The utility model provides a temperature control master-slave switching device for a medium wave transmitter, which comprises a main circuit efficacy board of the medium wave transmitter, a spare circuit efficacy board of the medium wave transmitter, a first temperature sensor, a second temperature sensor, a temperature control module and a switching module, wherein the first temperature sensor and the second temperature sensor are respectively used for detecting the temperature of the main circuit efficacy board of the medium wave transmitter and the spare circuit efficacy board of the medium wave transmitter in real time, and the output ends of the first temperature sensor and the second temperature sensor are connected with the temperature acquisition input end of the temperature control module; the power supply circuits of the main circuit power efficiency board and the standby circuit power efficiency board of the medium-wave transmitter are jointly connected to the switching module, and one switching module selects to be connected with the power supply circuit. Compared with the prior art, the utility model discloses make full use of the hardware interface of equipment self configuration, job stabilization is reliable, avoids leading to the stop broadcasting because of the trouble that generates heat, has played important effect to the safe broadcasting of transmitter.

Description

Medium wave transmitter control by temperature change activestandby switching device

Technical Field

The utility model relates to a control by temperature change activestandby switching device of medium wave transmitter.

Background

With the continuous development of information technology, the application of the medium wave broadcast transmitter in China is more and more extensive, and the medium wave broadcast transmitter plays an important role in the development of the broadcast transmitting industry. The maintenance work is the important work content in the operation of the medium wave transmitter, so that the stability of the operation of the equipment can be ensured, and the economic benefit of the use of the equipment can be improved.

Practice proves that various faults can occur due to interference of the device and external conditions in the operation process of the medium wave transmitter, the faults are generally divided into soft faults and hard faults, the hard faults are sudden-change faults, complete faults and the like, the sudden-change faults are faults caused by sudden change of internal elements when the transmitter operates, and the complete faults are caused by damage of internal circuits of the transmitter.

Disclosure of Invention

The utility model provides a control by temperature change activestandby switching device of medium wave transmitter.
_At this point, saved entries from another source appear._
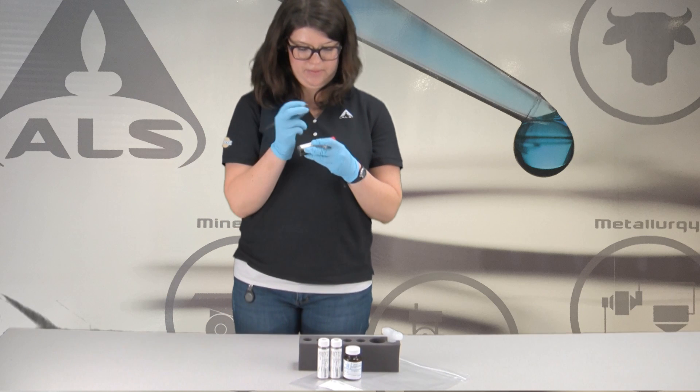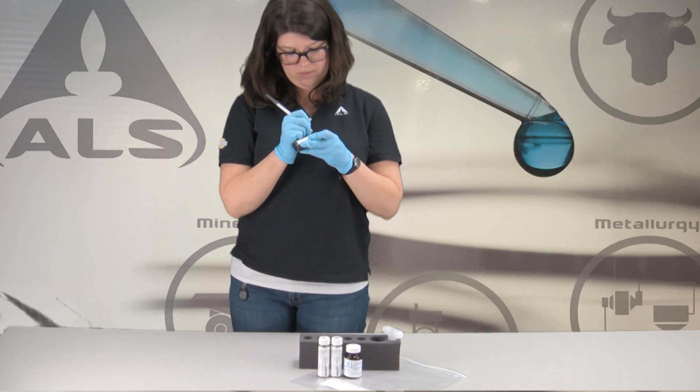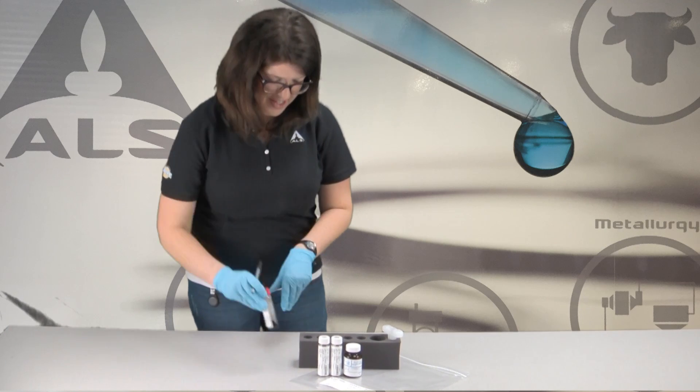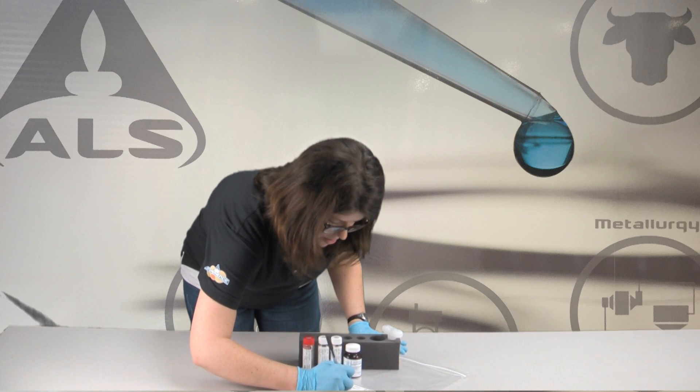Please complete each pre-labeled vial. Do not affix an additional label to the vials as it will alter the tared weight. A large label will be affixed to the outside of the ziplock bag that has a space for your sample ID. Please complete this portion of the label.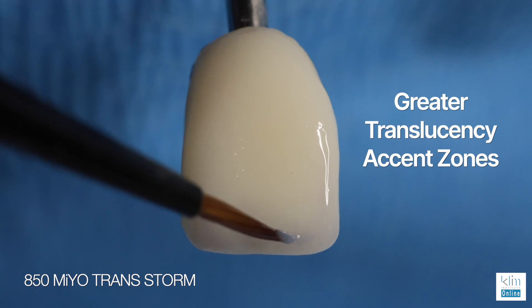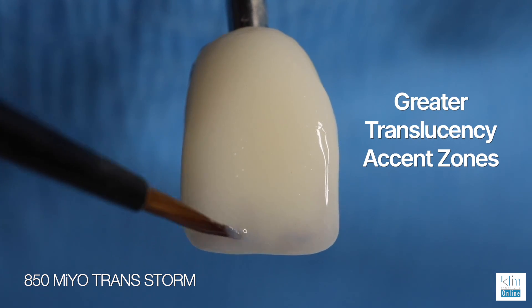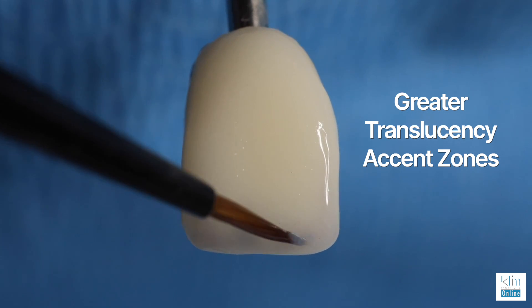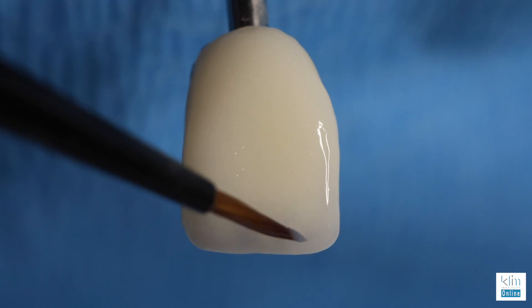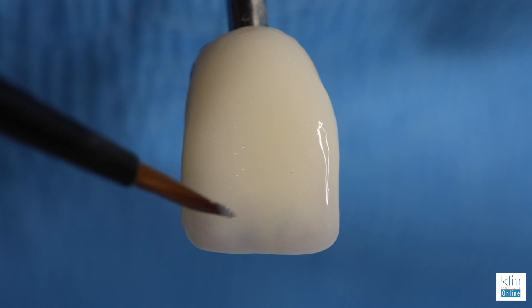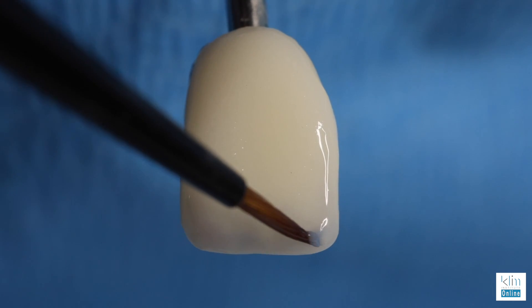Storm is a great complement to smoke. Use it to add translucency accent zones, such as at the incisal edge of the primary depressions and often around the line angles. Float on the color and blend it in with the smoke. You'll see a little more emphasis just in those areas that we want to pop a little more translucency illusion.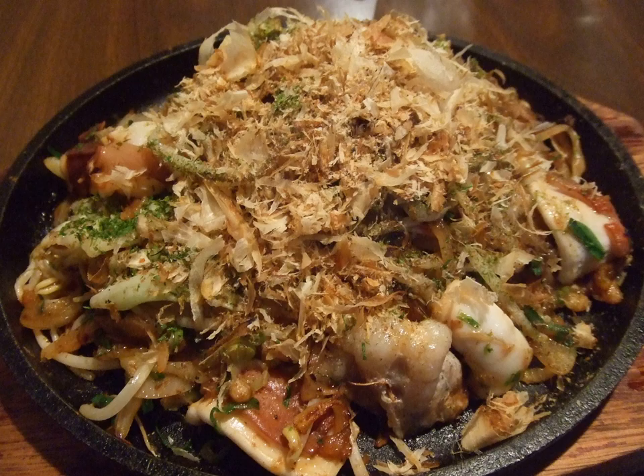The widely accepted story of how the dish was created dates back to just after World War II, when food was scarce. The owner of the noodle restaurant Darumado used udon noodles in popular yaki soba preparations because the proper noodles were not available.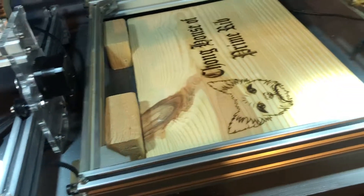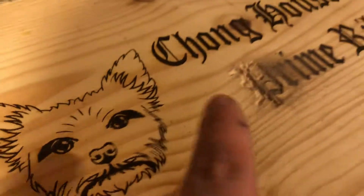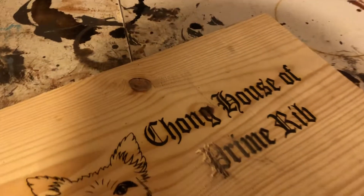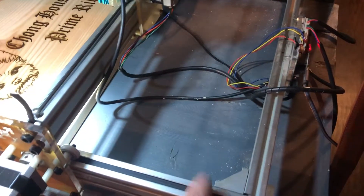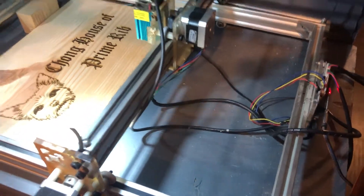That's pretty much it for this video. You can see once again this one looks great after I tightened everything, and you can see what those lines were doing. It's called backlash and that's how you fix it. Also, sometimes the belt — I was told you might need to tighten your belts if they get loose, as that could also cause the problem. Thanks for watching, see you later, bye-bye.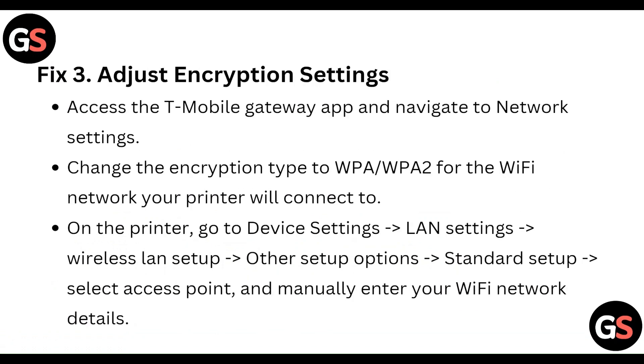Fix 3: Adjust the encryption settings. Access the T-Mobile gateway app and navigate to the network settings. Change the encryption type to WPA/WPA2 for the Wi-Fi network your printer will connect to.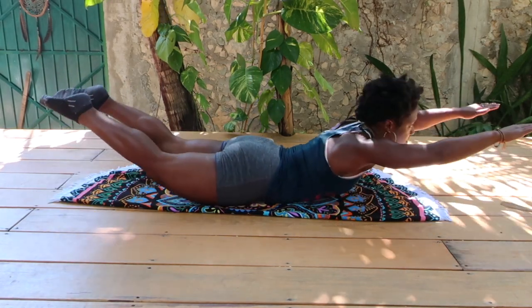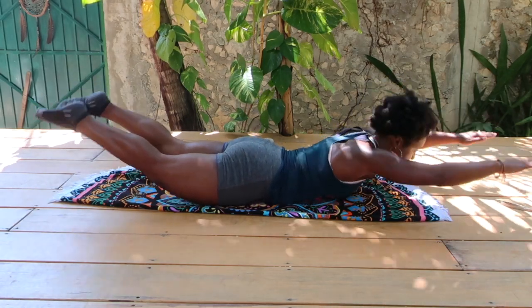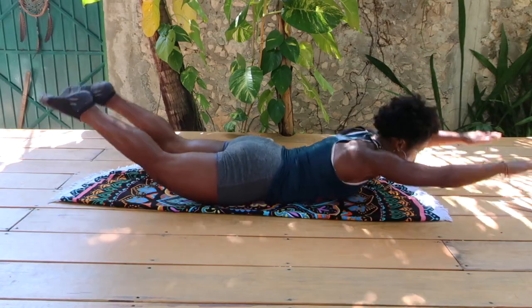I want you to keep that nose down and lift your chest, and try to get your thighs up as high off the mat as you can. Go slow up and down.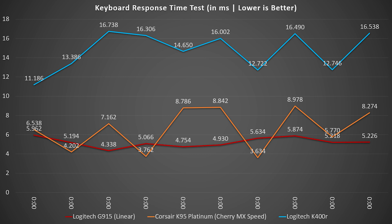Looking at the data points, the Corsair K95 had the best individual runs, but it was inconsistent — fluctuating anywhere from about 3.6–3.7 milliseconds up to 8.9 milliseconds with no apparent rhyme or reason. The surprising result is that the Logitech G915 wireless keyboard was actually a little slower on its fastest keystrokes, but far more consistent, as shown by the red line. The blue line shows the roughly $25 Logitech K400R — significantly slower, which is the tradeoff you'll see with a budget wireless option versus a solid wired keyboard.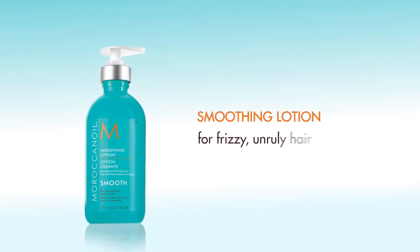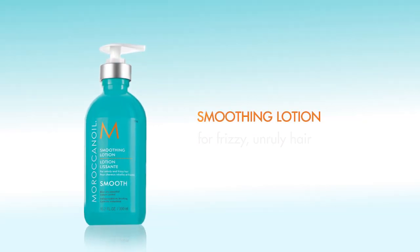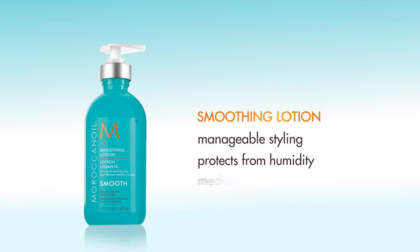Moroccan Oil Smoothing Lotion, ideal for frizzy, unruly hair, is a lightweight styling lotion that facilitates manageable styling while protecting from humidity for frizz-free results with medium hold.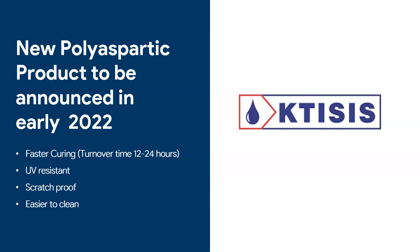Polyaspartics are a new generation of products that cure much faster than epoxies. I've been doing a lot of research, and my company will be having a polyaspartic product early in 2022. To give an idea: with polyaspartics you can basically do a project in 12 to 24 hours and hand it over to the customer, including any priming needed. They are UV resistant so they can be used outdoors and indoors, they are better at scratch resistance, and they tend to be easier to clean. Keep in mind though — they are fast curing in the pot too, so you need experienced people to apply them.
The device has the characteristics of protecting the internal components of the transmitter and reducing mutation conditions, thereby reducing the broadcasting stop time and maintenance times of the transmitter and further adapting to the requirements of customers.

The utility model discloses the technical scheme who adopts as follows:

a temperature control main-standby switching device of a medium-wave transmitter comprises a main circuit efficacy board of the medium-wave transmitter, a standby circuit efficacy board of the medium-wave transmitter, a first temperature sensor, a second temperature sensor, a temperature control module and a switching module; the temperature acquisition device comprises a temperature control module, a first temperature sensor, a second temperature sensor, a first temperature sensor and a second temperature sensor, wherein the first temperature sensor and the second temperature sensor are respectively used for detecting the temperature of a main circuit efficacy board and a standby circuit efficacy board of a medium-wave transmitter in real time; the power supply loops of the main circuit power efficiency board and the standby circuit power efficiency board of the medium-wave transmitter are jointly connected to the switching module, and one switching module selects one power supply loop;

the temperature control module is also provided with a state signal input end which is used for obtaining the current state attributes of the main circuit efficacy board and the standby circuit efficacy board of the medium-wave transmitter; and a threshold judging unit is arranged in the temperature control module and used for judging whether the currently working efficacy board is over-temperature or not, and the temperature control module cuts off a power supply loop of the currently working efficacy board and switches on a power supply loop of the other efficacy board through the switching module when the temperature control module determines the over-temperature. According to the working attribute of the current efficacy board, the temperature control module judges whether the temperature is over-temperature, if so, the power supply circuit of the other efficacy board is immediately switched to, and the broadcasting stop is not caused; and the problem that a certain efficacy board is operated at an over-high temperature for a long time to cause a fault due to over-high temperature is also avoided, so that the risk of broadcasting stop is reduced.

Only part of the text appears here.